Il 30 giugno 2023 è terminata la prima capsule digitale del Giornale dell’Arte – Nova Express Digital Capsule – pubblicata qui, sei giorni su sette, da maggio 2022.
Nova Express Digital Capsule, a cura di Gianluigi Ricuperati e Maurizio Cilli, è stata il primo esperimento di un prodotto verticale editoriale del Giornale dell’Arte dedicato a rappresentare nuove tendenze e definire e indagare nuovi limiti. Attraverso le voci di grandi intellettuali, intrecciate a una riscoperta e rilettura dell’archivio del mensile ormai quarantennale, Il Giornale dell’Arte ha voluto affermare come la comprensione della contemporaneità sia una questione di punti di vista e della capacità caleidoscopica di tenerli insieme. Grazie a Gianluigi e Maurizio per averci condotto in questo viaggio davvero Nova.
Cosa c’è di più azzardato e intrigante che considerare una rivista come un libro?
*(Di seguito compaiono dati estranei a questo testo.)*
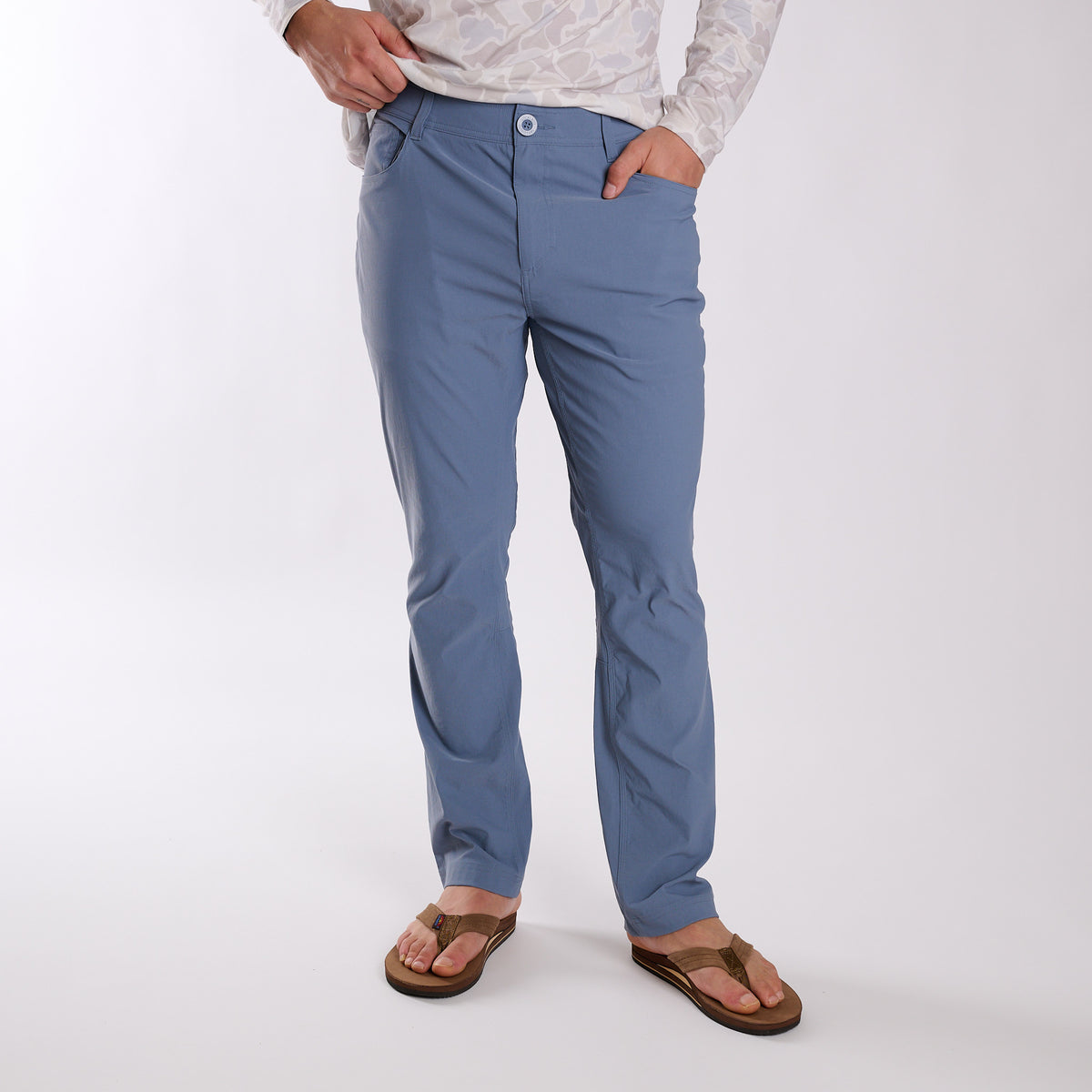 Man wearing Local Boy Outfitters Commuter Pants 2.0 in Steel Blue in front of a white background.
Accade ogni tanto, nella storia della cultura, che un libro – un singolo, munifico capolavoro, uscito da Gallimard nel 1960 – esploda nell’aria e generi un’intera galassia di avventure della mente. Accadde mezzo secolo fa, in Francia e poi nel resto del mondo, con Il mattino dei maghi, opera delirante di surrealismo e magia nera, alta tecnologia futuribile e scrittura sperimentale, esoterismo e mistificazione, scritta da un allievo di Andrè Breton, Louis Pauwels, con l’aiuto fondamentale di uno scienziato russo naturalizzato parigino, Jacques Bergier. Un paio di stagioni dopo il clamore da best-seller, esattamente sessant’anni fa, nel mese di ottobre del 1961, Pauwels fondò Planète, che si può ben definire a tutti gli effetti come la rivista culturale più venduta di sempre: trecentomila copie ogni numero, sei edizioni straniere e diverse sorelle generate come costole, in una ramificazione editoriale che scontorna un’epoca irripetibile nella cronologia della produzione di conoscenza pubblica.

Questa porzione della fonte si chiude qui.